A Stanford researcher says we shouldn’t start working full time until age 40
Laura Cartensen suggests we should be looking at marathon careers rather than sprints. Image: REUTERS/Daniel Munoz
For people smack in the mad mid-life rush of managing full-time careers, dependent children, and aging parents, nothing feels so short in supply as time.
But there is time to get it all done, says psychologist Laura Carstensen, the founding director of the Stanford Center on Longevity. The only problem is that we’ve arranged life all wrong.
A woman who is 40 years old today can expect to live another 45 years, on average, while 5% will live to see their 100th birthday. The average 40-year-old man will live another 42. For many people, most of those years will be healthy enough to continue work that doesn’t involve intense physical labor. So why are we still packing all of our career and family obligations into a few frantic decades?
Rather than a four-decade professional sprint that ends abruptly at 65, Carstensen argues, we should be planning for marathon careers that last longer but have more breaks along the way for learning, family needs, and obligations outside the workplace.

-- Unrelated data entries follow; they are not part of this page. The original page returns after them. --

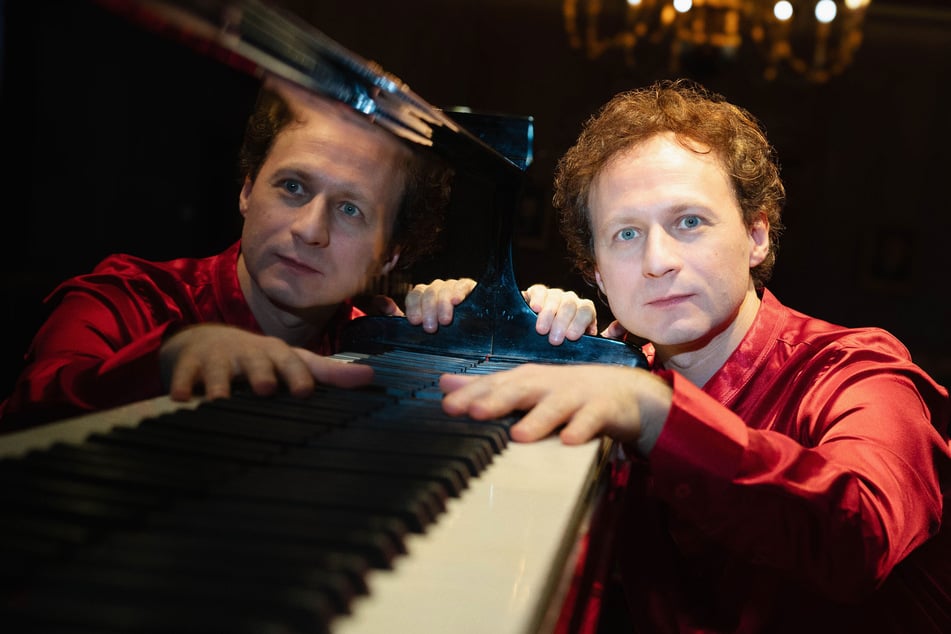 Schon mit sechs Jahren hat Leon Gurvitch sich in die klassische Musik verliebt. Nach seiner Ausbildung (u. a. Klavier, Geige, Dirigieren) gründete er 2000 das genreübergreifende "Leon Gurvitch Project", das Klassik, Jazz, Klezmer und Weltmusik verbindet.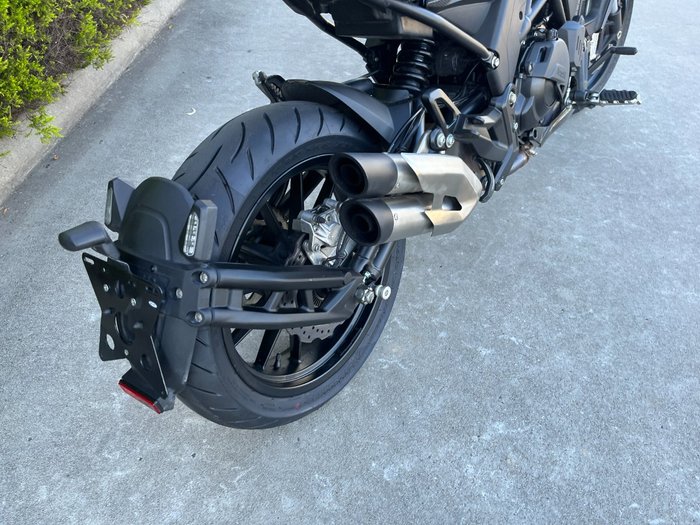 2021 Benelli 502C Blue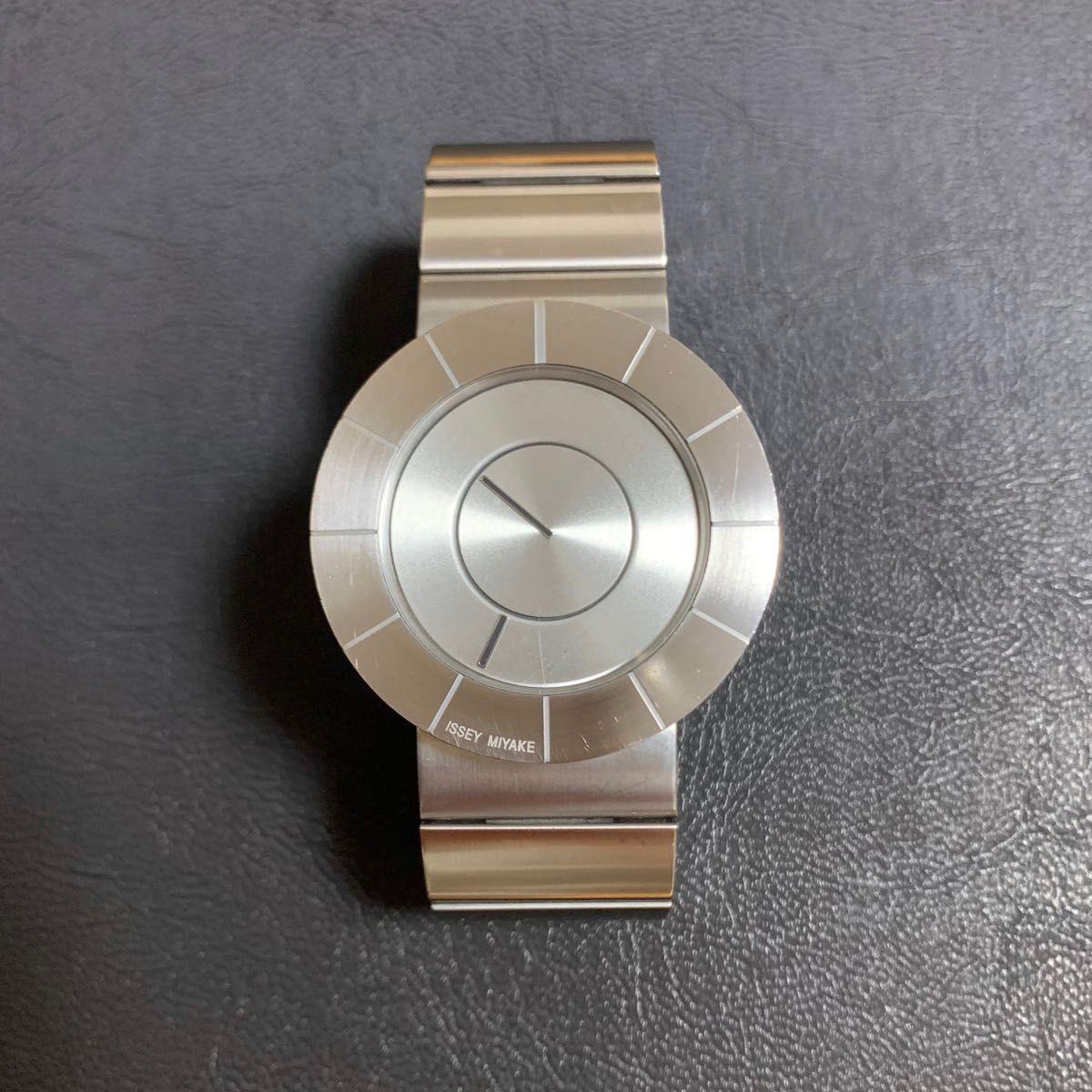 Б/У ISSEY MIYAKE TO ISSEY MIYAKE ЧАСЫ СЕРЕБРИСТЫЕ БАТАРЕЯ ЗАМЕНЕНА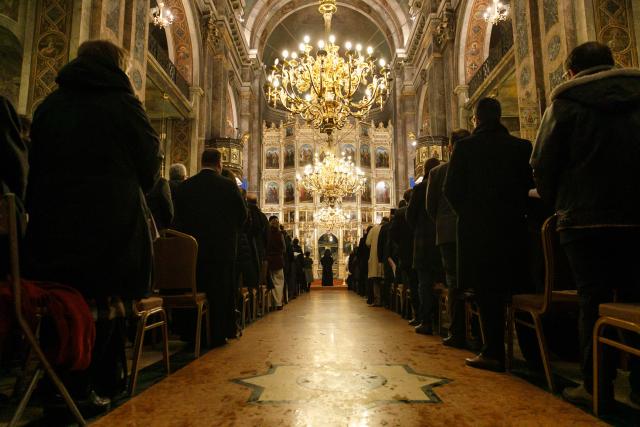 „Cercetători ori oameni de profesie, dorim fiecare să contribuim cu o iotă la viaţa Bisericii”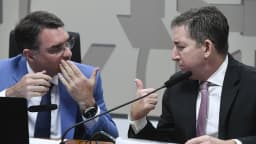 Senador Flávio Bolsonaro fala ao microfone durante audiência na Comissão de Segurança Pública do Senado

“We need a new model,” Carstensen says of the current norms around career pacing. The current one “doesn’t work, because it fails to recognize all the other demands on our time. People are working full-time at the same time they’re raising children. You never get a break. You never get to step out. You never get to refresh. . . .We go at this unsustainable pace, and then pull the plug.”
Longevity, as Carstensen sees it, is not about the biohacked immortalism popular in other parts of Silicon Valley. Her work focuses instead on redesigning institutions to accommodate the lives that people actually have—lives that are longer and in many cases healthier than at any time in human history.
Stopping work abruptly at 66, the year current US retirees are eligible to claim full Social Security benefits, isn’t practical financially for a growing number of seniors. And given the sudden loss of status, social interaction, and purpose that can follow retirement from a valued career, it’s often not a psychologically healthy move, either.
Instead, Carstensen says, a life’s work should be redistributed across the longer time frame many people can reasonably expect. Education and apprenticeships could stretch longer, she says, through the years when many people are starting their families and have young children at home. Full-time ideally would begin around the age of 40, rather than in our early 20s. Careers would be longer, with a gradual transition to part-time work in the later years before full retirement around age 80.
It’s a very different road map from the one we’re currently on. It comes with trade-offs: more years living the lean life of a student or trainee, occasionally having to bow out of plans with the grandkids to finish work. But many of us already are making trade-offs under the old model, in industries that are not yet accustomed to accommodating parents or older workers who want to work part-time.
And the scramble will only continue, unless we reshape the deeply ingrained patterns most of us follow when it comes to career and family.
“There is no real reason why we need to work this way. The hardest thing is, how does [change] start?” Carstensen said. But “once it starts, there’s very little question that it’s going to roll on.”